The SIF said institutional investors had been unified in opposition to the DOL’s proposals as they were, and that a survey it had carried out found that 96% of asset managers and investment advisers, and 97% of investor organizations, multi-employer plans and labor unions were against.
They included the powerful Council of Institutional Investors (CII), whose members include the world’s largest asset managers such as BlackRock, Vanguard, Fidelity Investments and State Street Global Advisors.
The new DOL rules amend the “Investment duties” regulation under Title I of the Employee Retirement Income Security Act (ERISA) of 1974. They were proposed as part of an April 2019 executive order from the Trump administration for a complete review of DOL’s guidance on fiduciary responsibilities for proxy voting.
The DoL had said it was concerned that “some fiduciaries and proxy advisory firms may be acting in ways that unwittingly allow plan assets to be used to support or pursue political agendas.”
The Final Rules, just published, now state that:
- Proxy voting decisions and other exercises of shareholder rights must be solely in the interest of, and for the exclusive purpose of, providing plan benefits to participants and beneficiaries, and consider the impact of any costs involved;
- Plan fiduciaries should not subordinate the interests of participants and beneficiaries in their retirement income or financial benefits under the plan to any non-pecuniary objective, or promote non-pecuniary benefits or goals;
- There should be improvement in the fiduciary practices relating to the selection and monitoring of proxy advisory firms.

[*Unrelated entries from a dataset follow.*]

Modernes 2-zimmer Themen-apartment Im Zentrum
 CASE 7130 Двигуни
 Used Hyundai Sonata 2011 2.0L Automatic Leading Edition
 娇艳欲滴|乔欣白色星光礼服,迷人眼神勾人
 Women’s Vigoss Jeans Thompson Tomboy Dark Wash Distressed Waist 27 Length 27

The Final Rules will be effective 30 days after they are published in the Federal Register and apply to shareholder rights after that date. It includes delayed compliance dates to January 31, 2022, for certain recordkeeping and proxy voting policy requirements.

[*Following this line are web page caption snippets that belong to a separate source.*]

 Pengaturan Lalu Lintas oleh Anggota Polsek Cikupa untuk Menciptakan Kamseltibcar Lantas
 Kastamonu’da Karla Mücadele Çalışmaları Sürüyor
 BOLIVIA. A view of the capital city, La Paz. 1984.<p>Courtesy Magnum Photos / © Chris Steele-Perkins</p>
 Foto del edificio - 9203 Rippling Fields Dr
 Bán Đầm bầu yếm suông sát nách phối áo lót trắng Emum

US SIF CEO Lisa Woll said the organisation would continue its resistance to aspects of the DOL changes under the new Biden administration: “The DOL listened to investors and the public and made significant changes to the proxy voting proposal. While it is unfortunate that the background and discussion sections of today's release include a number of fallacies about investing with the consideration of environmental and social data, the worst provisions of the proposed rule were omitted. We look forward to working with the next administration to ensure that shareholder rights within ERISA-governed plans are unambiguous.”